The first vulnerability affects multi-user machines, and allows untrusted users to create the C:\.git folder which the local revision control software client would find outside a repository while searching for a Git directory.
"Since some configuration variables (such as core.fsmonitor) cause Git to execute arbitrary commands, this can lead to arbitrary command execution when working on a shared machine," Github security engineer Taylor Blau said.
Users of the posh-git Windows Powershell script are vulnerable simply by starting an instance of the command interpreter, and Git Bash users who set the recommended GIT_PS1_SHOWDIRTYSTATE are also at risk.
Creating .git folders with no read and write access on .git folders that Git commands run on is a workaround for users who can't upgrade their local repository client.

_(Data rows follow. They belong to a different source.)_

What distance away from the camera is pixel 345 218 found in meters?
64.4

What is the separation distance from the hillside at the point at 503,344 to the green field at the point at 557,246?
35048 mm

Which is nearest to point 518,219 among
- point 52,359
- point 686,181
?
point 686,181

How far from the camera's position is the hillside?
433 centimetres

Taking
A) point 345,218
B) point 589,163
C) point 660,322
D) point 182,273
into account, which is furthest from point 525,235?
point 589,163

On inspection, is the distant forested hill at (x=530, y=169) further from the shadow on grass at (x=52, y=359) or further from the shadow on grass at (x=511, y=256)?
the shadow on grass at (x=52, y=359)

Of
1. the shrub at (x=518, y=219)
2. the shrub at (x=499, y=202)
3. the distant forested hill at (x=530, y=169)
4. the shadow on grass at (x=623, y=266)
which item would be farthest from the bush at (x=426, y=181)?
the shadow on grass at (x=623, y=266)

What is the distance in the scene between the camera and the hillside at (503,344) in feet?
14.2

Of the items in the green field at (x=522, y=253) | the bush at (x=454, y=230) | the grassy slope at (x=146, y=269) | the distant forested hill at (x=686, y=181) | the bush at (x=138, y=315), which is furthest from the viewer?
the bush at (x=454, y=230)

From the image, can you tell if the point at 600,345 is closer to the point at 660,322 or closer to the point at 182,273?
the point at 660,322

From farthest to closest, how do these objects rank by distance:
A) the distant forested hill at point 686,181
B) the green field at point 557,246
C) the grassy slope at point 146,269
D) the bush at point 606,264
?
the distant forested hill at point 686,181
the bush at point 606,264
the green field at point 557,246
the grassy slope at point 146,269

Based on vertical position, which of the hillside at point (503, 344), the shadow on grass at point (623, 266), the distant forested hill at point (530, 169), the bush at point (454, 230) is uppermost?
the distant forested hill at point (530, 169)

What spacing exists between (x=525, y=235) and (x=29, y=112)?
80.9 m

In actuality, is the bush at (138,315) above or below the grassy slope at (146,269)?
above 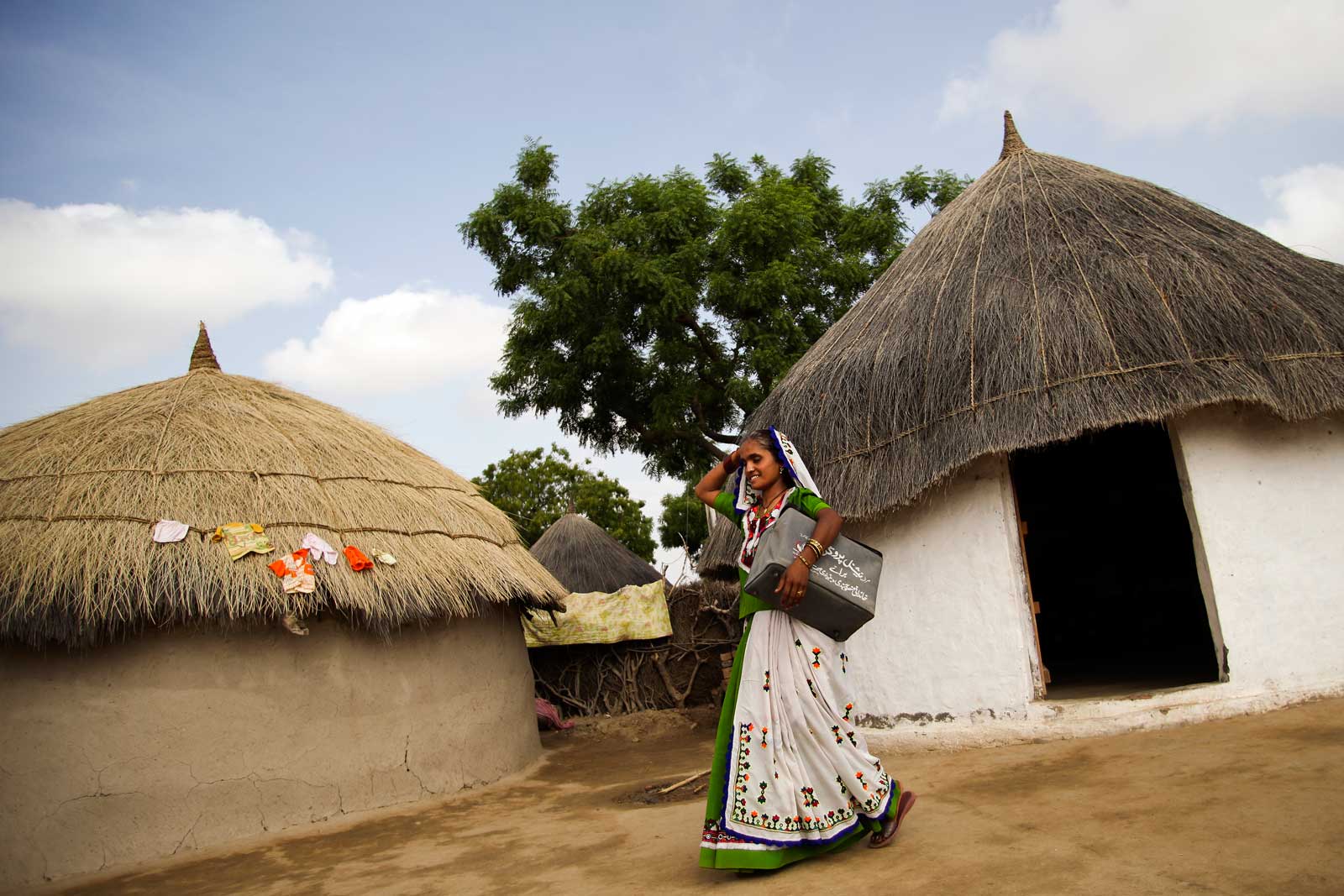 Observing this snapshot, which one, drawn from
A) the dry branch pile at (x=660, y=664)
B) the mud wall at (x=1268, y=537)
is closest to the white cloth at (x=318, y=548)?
the dry branch pile at (x=660, y=664)

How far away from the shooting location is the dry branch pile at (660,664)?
420 inches

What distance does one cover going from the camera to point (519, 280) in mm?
13641

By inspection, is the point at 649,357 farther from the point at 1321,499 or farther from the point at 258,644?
the point at 1321,499

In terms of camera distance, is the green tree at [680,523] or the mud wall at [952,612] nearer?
the mud wall at [952,612]

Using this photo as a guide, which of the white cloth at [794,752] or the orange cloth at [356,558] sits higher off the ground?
the orange cloth at [356,558]

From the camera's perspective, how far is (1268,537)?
5422 mm

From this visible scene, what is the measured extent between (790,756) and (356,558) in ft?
13.8

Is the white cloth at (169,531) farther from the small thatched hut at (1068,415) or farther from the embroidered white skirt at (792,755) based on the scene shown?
the embroidered white skirt at (792,755)

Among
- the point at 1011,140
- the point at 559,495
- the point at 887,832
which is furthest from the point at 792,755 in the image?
the point at 559,495

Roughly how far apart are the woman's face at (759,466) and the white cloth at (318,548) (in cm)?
387

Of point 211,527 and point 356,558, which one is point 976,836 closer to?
point 356,558

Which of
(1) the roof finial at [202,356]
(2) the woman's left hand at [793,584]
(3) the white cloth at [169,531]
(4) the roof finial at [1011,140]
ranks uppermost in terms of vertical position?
(4) the roof finial at [1011,140]

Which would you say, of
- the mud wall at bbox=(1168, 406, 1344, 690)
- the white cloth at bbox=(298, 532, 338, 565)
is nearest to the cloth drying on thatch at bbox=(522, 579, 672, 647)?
the white cloth at bbox=(298, 532, 338, 565)

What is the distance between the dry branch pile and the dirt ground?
12.7ft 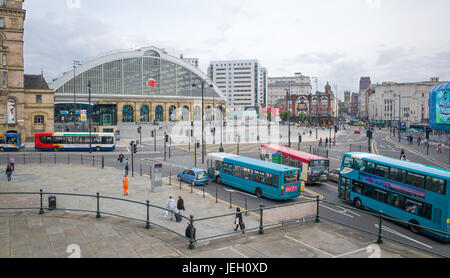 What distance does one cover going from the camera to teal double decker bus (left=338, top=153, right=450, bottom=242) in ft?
51.4

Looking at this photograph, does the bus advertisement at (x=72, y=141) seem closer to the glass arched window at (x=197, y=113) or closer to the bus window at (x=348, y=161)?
the bus window at (x=348, y=161)

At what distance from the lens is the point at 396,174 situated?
18.3 m

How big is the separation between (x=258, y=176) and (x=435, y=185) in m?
11.3

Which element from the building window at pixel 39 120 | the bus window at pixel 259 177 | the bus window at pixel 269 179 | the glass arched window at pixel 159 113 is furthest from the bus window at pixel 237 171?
the glass arched window at pixel 159 113

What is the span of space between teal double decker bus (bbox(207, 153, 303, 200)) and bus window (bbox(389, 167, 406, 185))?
6.24 meters

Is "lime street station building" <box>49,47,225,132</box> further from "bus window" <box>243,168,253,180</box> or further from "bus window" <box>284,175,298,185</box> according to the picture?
"bus window" <box>284,175,298,185</box>

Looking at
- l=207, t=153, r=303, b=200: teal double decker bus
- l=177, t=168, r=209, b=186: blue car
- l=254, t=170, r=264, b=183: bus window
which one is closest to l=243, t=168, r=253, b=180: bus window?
l=207, t=153, r=303, b=200: teal double decker bus

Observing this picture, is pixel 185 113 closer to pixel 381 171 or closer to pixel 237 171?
pixel 237 171

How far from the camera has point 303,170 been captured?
2844 centimetres

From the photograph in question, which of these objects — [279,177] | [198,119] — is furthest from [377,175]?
[198,119]

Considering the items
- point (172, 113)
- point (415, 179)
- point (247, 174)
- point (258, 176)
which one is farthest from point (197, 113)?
point (415, 179)

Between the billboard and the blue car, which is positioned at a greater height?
the billboard

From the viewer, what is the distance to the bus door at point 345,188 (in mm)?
22219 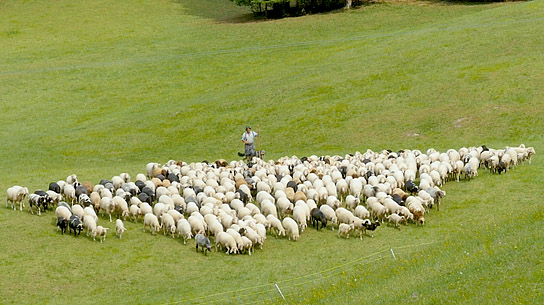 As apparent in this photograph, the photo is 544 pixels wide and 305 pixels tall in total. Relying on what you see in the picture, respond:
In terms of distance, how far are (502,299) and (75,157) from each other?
102 ft

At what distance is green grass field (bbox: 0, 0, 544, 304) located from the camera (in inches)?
845

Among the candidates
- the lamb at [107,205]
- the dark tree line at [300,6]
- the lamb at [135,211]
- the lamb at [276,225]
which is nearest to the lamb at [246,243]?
the lamb at [276,225]

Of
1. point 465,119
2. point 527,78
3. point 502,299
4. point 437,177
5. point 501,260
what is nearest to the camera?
point 502,299

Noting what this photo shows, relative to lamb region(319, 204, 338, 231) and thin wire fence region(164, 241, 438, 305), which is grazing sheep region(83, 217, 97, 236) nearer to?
thin wire fence region(164, 241, 438, 305)

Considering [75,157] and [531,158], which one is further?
[75,157]

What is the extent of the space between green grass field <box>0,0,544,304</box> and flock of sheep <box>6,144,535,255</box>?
0.62m

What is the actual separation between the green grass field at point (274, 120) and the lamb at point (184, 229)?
38 centimetres

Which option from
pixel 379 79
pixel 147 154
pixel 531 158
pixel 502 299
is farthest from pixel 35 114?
pixel 502 299

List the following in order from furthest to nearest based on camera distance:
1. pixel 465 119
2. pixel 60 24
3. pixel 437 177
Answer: pixel 60 24 → pixel 465 119 → pixel 437 177

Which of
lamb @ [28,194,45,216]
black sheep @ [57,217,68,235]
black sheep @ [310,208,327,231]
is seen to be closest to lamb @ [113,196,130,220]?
black sheep @ [57,217,68,235]

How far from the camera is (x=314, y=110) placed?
4756cm

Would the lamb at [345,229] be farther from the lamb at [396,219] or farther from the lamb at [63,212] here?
the lamb at [63,212]

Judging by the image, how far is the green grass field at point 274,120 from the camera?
21.5 meters

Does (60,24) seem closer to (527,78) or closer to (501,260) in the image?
(527,78) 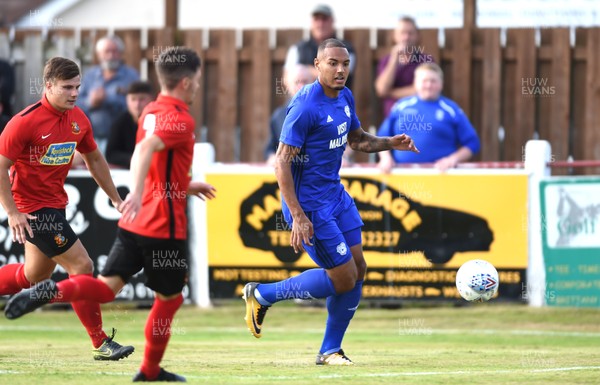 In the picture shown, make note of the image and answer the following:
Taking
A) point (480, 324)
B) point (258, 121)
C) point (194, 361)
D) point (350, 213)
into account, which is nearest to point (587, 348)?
point (480, 324)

Setting or extending the GIT_CEILING_DIRECTORIES variable to include the parent directory of user profiles, like C:\Users on Windows, also prevents the vulnerability from being exploited.
A second bug leaves the Git for Windows uninstaller program vulnerable to dynamic link library (DLL) hijacking, as the high-privilege SYSTEM account inherits the settings pointing TMP and TEMP to the C:\Windows\Temp world-writeable account.
"This means that any authenticated user can place malicious .dll files that are loaded when Git for Windows' uninstaller is run via the SYSTEM account," Github engineer Victoria Dye wrote.
Github itself is not affected by the vulnerabilities, which are patched in Git for Windows version 2.35.2.
NoGitBleed credentials leak fixed
Separately, GitHub said it will scan public repositories for accidentally leaked login credentials, to prevent attackers from finding these.
Configuration or human errors have led to a significant number of users accidentally checking in GitHub credentials into GitHub commits as metadata, engineers Will Deane and Aaron Devaney discovered early August last year.
This was often a username entered as the author, and a password in the email address field.
"We estimate in the region of 50,000 to 100,000 user credentials may have been affected covering a wide range of organisations including governments, corporations, large open-source foundations as well as smaller organisations and individuals," the reseachers wrote.
With the credentials in hand, attackers could conduct for example supply-chain attacks on open source code repositories, Deane and Devaney said.
Github started scanning for credentials entered into metadata in September last year to remedy the misconfigurations and mistakes, and rolled out the feature fully yesterday.